New styles each month, it seems to me. I look,
Not wanting to be seen, casting an eye
Above the unread pages of a book.
They are fifteen or so.
When I was thus,
I huddled in school coats, my satchel hung
Lop-sided on my shoulder.
Without fuss
These enter adolescence; being young
Seems good to them, a state we cannot reach,
No talk of ‘awkward ages’ now.
I see
How childish gazes staring out of each
Unfinished face prove me incredibly
Old-fashioned.
Yet at least I have the chance
To size up several stages – young yet old,
Doing the twist, mocking an ‘old-time’ dance:
So many ways to be unsure or bold.

Analysis

The poet writes about young people, comparing their life with her own, and musing about the advantages that age has given her.

Summary

The school children “slip” into the bus, an action that they have perfected through practice. The poet is observing them without seeming to do so. She is looking above a book she is pretending to read. The pages are “unread”. Looking at the youngsters, the poet reflects on herself at their age. She had “huddled in school coats”, with her “satchel” handing “Lop-sided on my shoulder”. The youngsters that the poet is observing seem to enter their adolescence without much fuss, or problems. Traditionally the pre-puberty age is supposed to be “awkward”, but the poet does not think that these children have any such issues. However, the young and inexperienced eyes on the “unfinished”, or in other words, still developing face, reminds her how old-fashioned she herself is. However, the poet has the advantage of being able to understand several stages of life – both young and old. She feels that she is at once young and old. She can make fun of the “old time dance” of young people getting old, because she feels that in her case, the biological process has not taken over the inner, spiritual process of aging. She is at the same time young and old, both “unsure” and “bold”.

Language and imagery

This is a pretty straightforward poem with irregular rhyme. The images of “hair piled up high”, “childish gazes”, and “unfinished face” convey the image of childhood and innocence aptly.
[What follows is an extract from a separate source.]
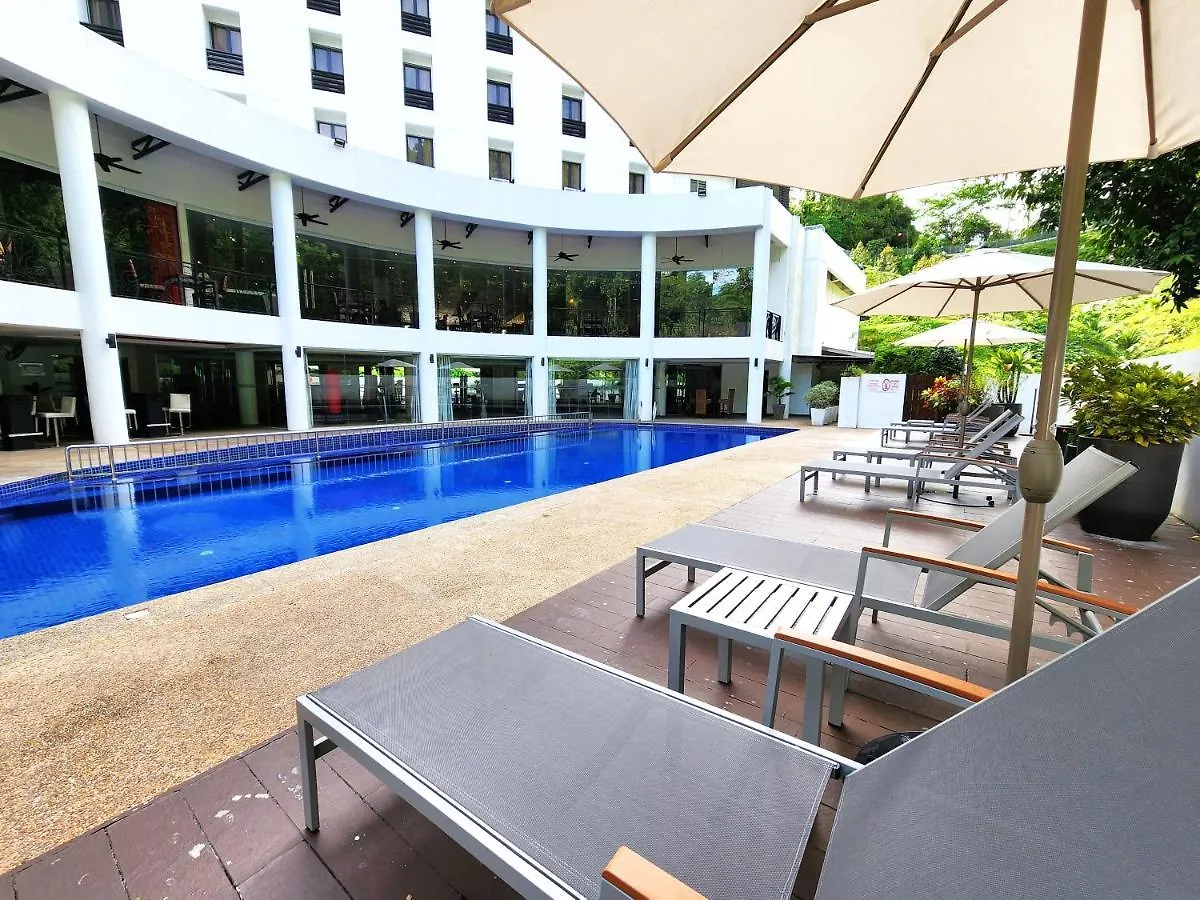 The Palace Hotel Kota Kinabalu 4*,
The poet brings out the difference between being a child in her times and now: in the modern age, there is high fashion sense right from childhood, and the transition from childhood to adolescence is not ‘awkward’ as it was at the time of the poet’s childhood. The poet feels “Old-fashioned”, but the twist in the poem comes when she states that she has the advantage of being both young and old, having seen both, and has the knowledge that there are more than one way of being “unsure or bold”. In other words, the lack of surety of youth and the boldness of old age are experienced in a multitude of ways.